RSS, Root Summed Square

In this analysis
(actual RSS.SCP file), after running a reference simulation, each parameter is perturbed and another analysis is run. For each measurement vector, the difference between the reference and the perturbed result is saved. This results in a number of simulations equal to the number of parameters that have tolerances. We then square the sensitivities of each measurement and sum them for each parameter. The square root of the result is saved in plot called "rss". Mathematically, the result for a single measurement is

Vresult = sqrt( S ( Vresult(param) - Vresult(nominal) )^2 )

The RSS results are printed to the IsSpice4 output file in a format that can be read back in by SpiceNet. You can set the measurement test limits by expanding the measurements to "pass with symmetry" in the Results dialog; as shown below.

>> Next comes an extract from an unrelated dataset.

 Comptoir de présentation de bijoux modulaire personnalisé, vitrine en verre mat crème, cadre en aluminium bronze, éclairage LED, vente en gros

If the result is linearly proportional to the change in the parameter value, then the RSS result is proportional to the standard deviation which we could obtain from a statistical analysis. As a matter of convention, each tolerance is taken as the 3 sigma value, or 3 standard deviations and we report the RSS results as though they were also 3 sigma. The parameter perturbation is set to 1 sigma, a compromise between a negligibly small value and the entire tolerance band. Making the perturbation fairly large eliminates some errors due to local maximum values occurring nearby. You can change this variation by editing the RSS Simulation Template.

For many circuits, the variation of a measurement with respect to some parameters is highly nonlinear so that this analysis will give incorrect results, frequently reporting smaller measurement variations than would be found using a statistical analysis.

When performing an AC analysis, it is frequently assumed that the response at each frequency can be considered independently. Unfortunately, this is a poor assumption because single frequency results have an ambiguity in phase. When the difference in phase between 2 simulations is taken, there can be dramatically different results if one analysis is in a different phase plane than the reference simulation. Because of this, it is necessary to phase extend the vectors we wish to measure. This makes the AC analysis similar to the transient analysis, requiring measurements that resolve to scalar values. The duality between frequency and time seen using the Fourier transform should make this obvious.